The next question presented by counsel arises upon the action of the trial court in admitting certain evidence in regard to the value of the goods in Boston at the time they were received. Mr. Stone, one of the appellees, was permitted to answer the following question, propounded to him by counsel: "Mr. Stone, you may state what the value per dozen would be or was in Boston at the time those goods were received-the A hogskins of the character and quality that were shown to you by Mr. Weil.” Appellants' objection to this question was that the market value of these goods in Boston was entirely immaterial, as the contract provided for their delivery in Fort Wayne; and that the only evidence admissible to show the value of the goods would be evidence to prove the market value of the goods at the time they were delivered in Fort Wayne, and that the difference between that value and the contract price would be the measure of damages. This action, regarded as an action to rescind a part of the contract, which is the theory upon which counsel for appellants insist the action proceeds, results in making evidence of the value of the property returned immaterial. The contract, in so far as it relates to the sale of the hogskins, was rescinded, and the 119 goods returned to the vendors at Fort Wayne. The contract in that respect having been rescinded, and the goods returned, evidence as to the market value of the goods of the quality specified in the contract, either at Boston or Fort Wayne, could not affect the result.
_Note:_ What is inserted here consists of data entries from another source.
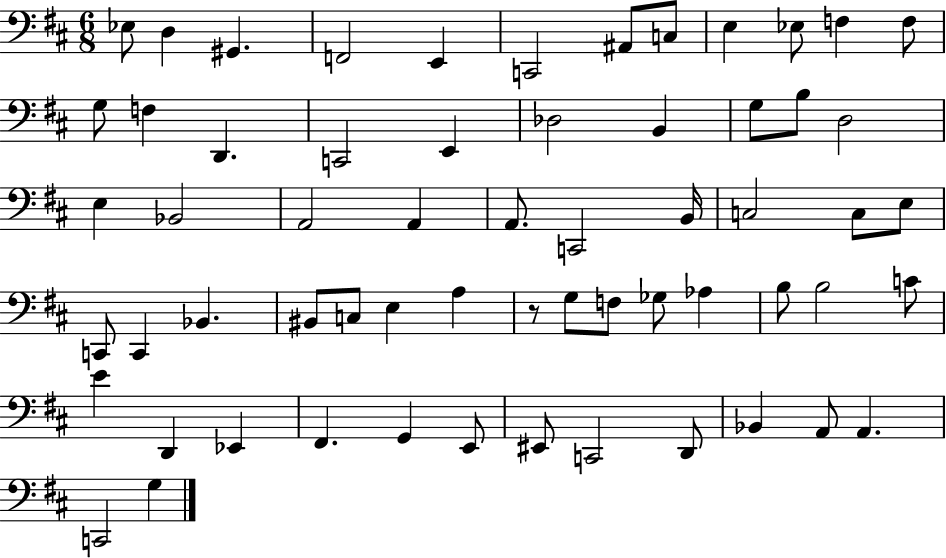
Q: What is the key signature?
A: D major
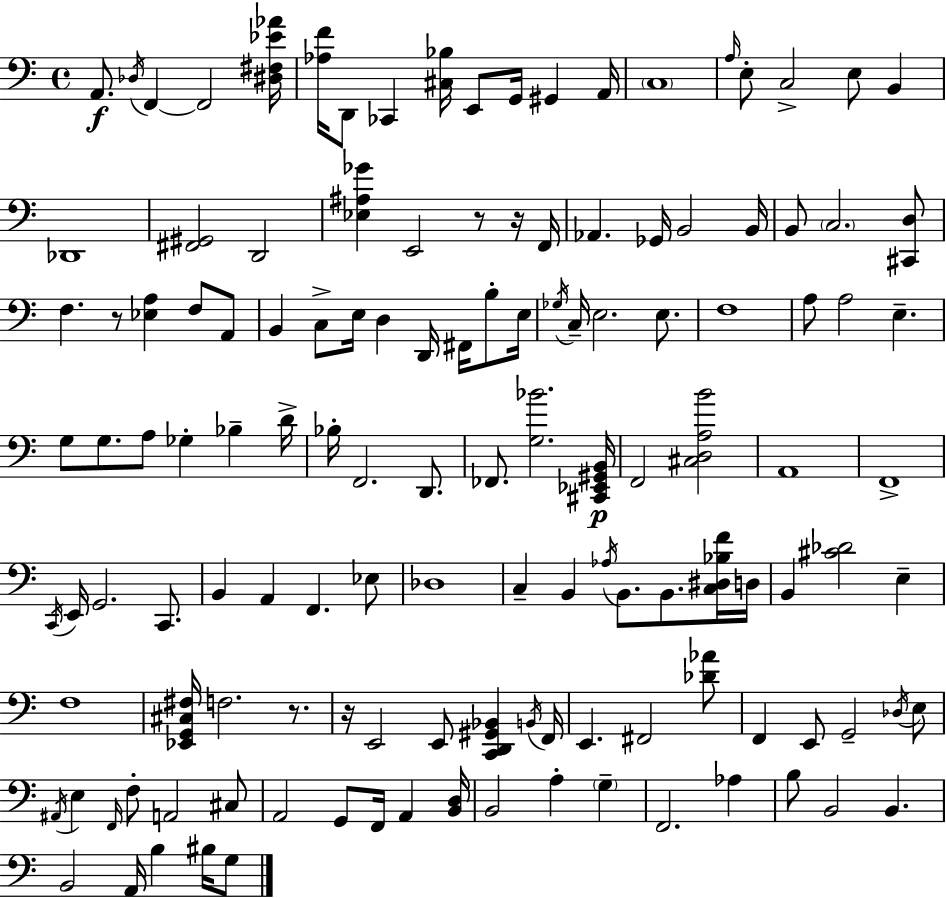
{
  \clef bass
  \time 4/4
  \defaultTimeSignature
  \key c \major
  a,8.\f \acciaccatura { des16 } f,4~~ f,2 | <dis fis ees' aes'>16 <aes f'>16 d,8 ces,4 <cis bes>16 e,8 g,16 gis,4 | a,16 \parenthesize c1 | \grace { a16 } e8-. c2-> e8 b,4 | \break des,1 | <fis, gis,>2 d,2 | <ees ais ges'>4 e,2 r8 | r16 f,16 aes,4. ges,16 b,2 | \break b,16 b,8 \parenthesize c2. | <cis, d>8 f4. r8 <ees a>4 f8 | a,8 b,4 c8-> e16 d4 d,16 fis,16 b8-. | e16 \acciaccatura { ges16 } c16-- e2. | \break e8. f1 | a8 a2 e4.-- | g8 g8. a8 ges4-. bes4-- | d'16-> bes16-. f,2. | \break d,8. fes,8. <g bes'>2. | <cis, ees, gis, b,>16\p f,2 <cis d a b'>2 | a,1 | f,1-> | \break \acciaccatura { c,16 } e,16 g,2. | c,8. b,4 a,4 f,4. | ees8 des1 | c4-- b,4 \acciaccatura { aes16 } b,8. | \break b,8. <c dis bes f'>16 d16 b,4 <cis' des'>2 | e4-- f1 | <ees, g, cis fis>16 f2. | r8. r16 e,2 e,8 | \break <c, d, gis, bes,>4 \acciaccatura { b,16 } f,16 e,4. fis,2 | <des' aes'>8 f,4 e,8 g,2-- | \acciaccatura { des16 } e8 \acciaccatura { ais,16 } e4 \grace { f,16 } f8-. a,2 | cis8 a,2 | \break g,8 f,16 a,4 <b, d>16 b,2 | a4-. \parenthesize g4-- f,2. | aes4 b8 b,2 | b,4. b,2 | \break a,16 b4 bis16 g8 \bar "|."
}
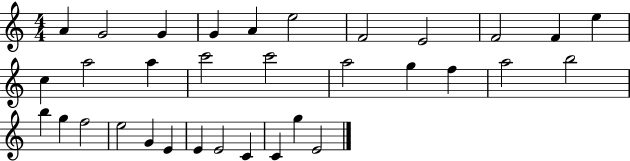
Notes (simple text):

A4/q G4/h G4/q G4/q A4/q E5/h F4/h E4/h F4/h F4/q E5/q C5/q A5/h A5/q C6/h C6/h A5/h G5/q F5/q A5/h B5/h B5/q G5/q F5/h E5/h G4/q E4/q E4/q E4/h C4/q C4/q G5/q E4/h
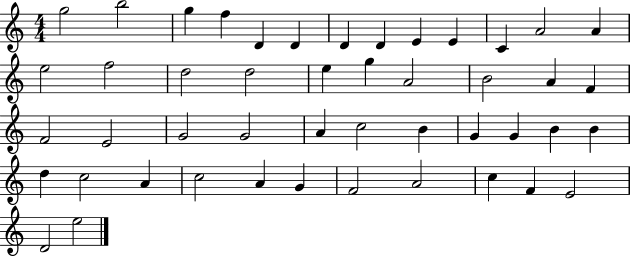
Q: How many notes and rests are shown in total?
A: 47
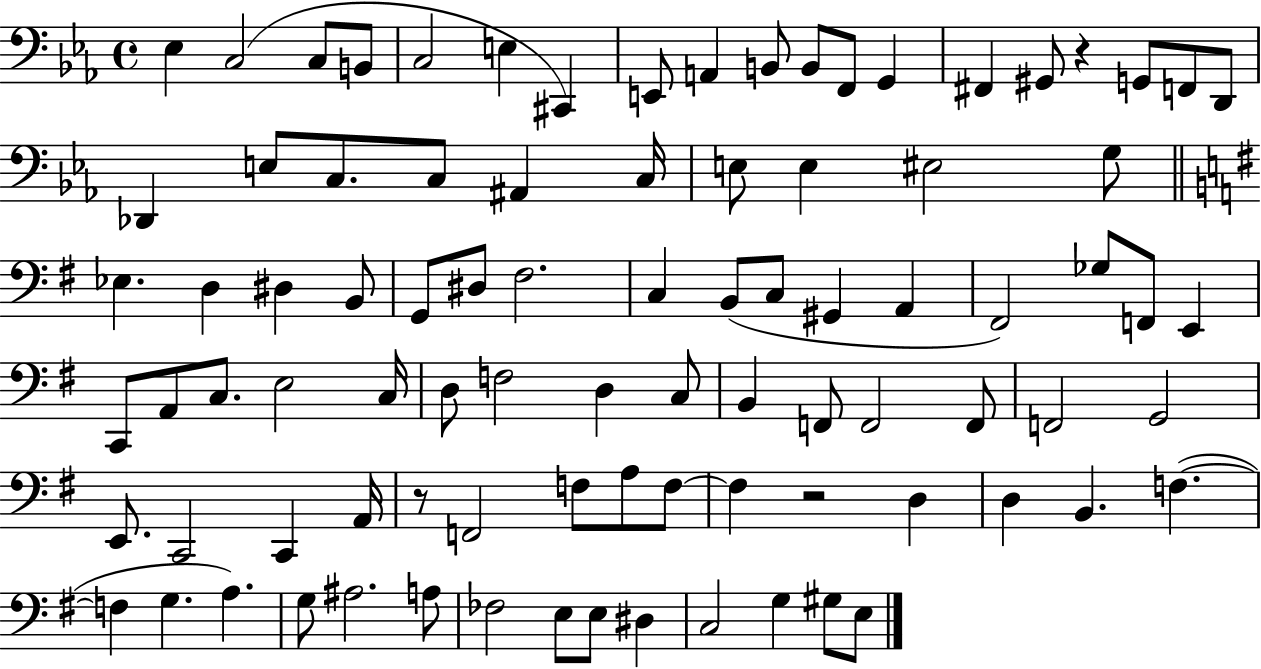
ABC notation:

X:1
T:Untitled
M:4/4
L:1/4
K:Eb
_E, C,2 C,/2 B,,/2 C,2 E, ^C,, E,,/2 A,, B,,/2 B,,/2 F,,/2 G,, ^F,, ^G,,/2 z G,,/2 F,,/2 D,,/2 _D,, E,/2 C,/2 C,/2 ^A,, C,/4 E,/2 E, ^E,2 G,/2 _E, D, ^D, B,,/2 G,,/2 ^D,/2 ^F,2 C, B,,/2 C,/2 ^G,, A,, ^F,,2 _G,/2 F,,/2 E,, C,,/2 A,,/2 C,/2 E,2 C,/4 D,/2 F,2 D, C,/2 B,, F,,/2 F,,2 F,,/2 F,,2 G,,2 E,,/2 C,,2 C,, A,,/4 z/2 F,,2 F,/2 A,/2 F,/2 F, z2 D, D, B,, F, F, G, A, G,/2 ^A,2 A,/2 _F,2 E,/2 E,/2 ^D, C,2 G, ^G,/2 E,/2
Another cause stated in appellants' motion for a new trial brings in question alleged misconduct on the part of the jury. Counsel insist that it was reversible error upon the part of the jurors in listening to comments made by members of the panel to the effect that appellants were Jews, and unworthy of belief, and that one of appellants' witnesses had attempted to defraud an insurance company by burning his own property. The affidavits of three of the jurors appear in the record in support of this reason. The supreme court has in numerous cases held that a juror cannot impeach his own verdict: Stanley v. Sutherland, 54 Ind. 339; Houk v. Allen, 126 Ind. 568, 25 N. E. 897, 11 L. R. A. 706; Barlow v. State, 2 Blackf. 114.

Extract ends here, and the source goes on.